As a psychologist, I’ve often heard the term “manipulative” used to describe certain behaviors, particularly in individuals with Borderline Personality Disorder or children with Attachment Disorders. However, after years of working with these populations, I’ve come to realize that labeling someone as manipulative is not only inaccurate but also counterproductive.
When we think of manipulation, we typically imagine a person in control, cleverly influencing others to get what they want. But if we take a closer look at the behaviors we often deem manipulative, we’ll find that they are actually acts of desperation.
Consider a mother who tells her adult daughter, who is leaving town for a week, “I’ll probably die off alone somewhere with only the cat to mourn me.” Or a distressed person who repeatedly threatens self-harm, only to rebound at the first sign of attention.
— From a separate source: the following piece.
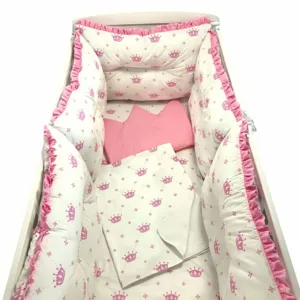 Set 6 aparatori protectii laterale patut 120x60 cm Coronite roz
These behaviors are not calculated attempts to control others, but rather knee-jerk reactions born from the belief that there is no other way to get their needs met.
True manipulation is a hallmark of sociopathy. It involves violating another’s dignity and self-control, bringing shame upon the victim for participating in their own defeat. Historical figures like Adolf Hitler or Jim Jones, and literary characters like Hannibal Lecter and Nurse Rached, exemplify this type of malevolent manipulation.
When we label someone as manipulative, we create a barrier to empathy that hinders the healing process. For friends and family, it can lead to the designation of the individual as guilty and deviant, forever altering the relationship dynamic.
Instead of using the “M word,” we should strive to understand the message behind these desperate behaviors: “Help me. I am in distress and don’t know how to feel better. I’m afraid that no one cares.” By recognizing the struggle and pain behind these actions, we can respond with compassion and support, rather than judgment and rejection.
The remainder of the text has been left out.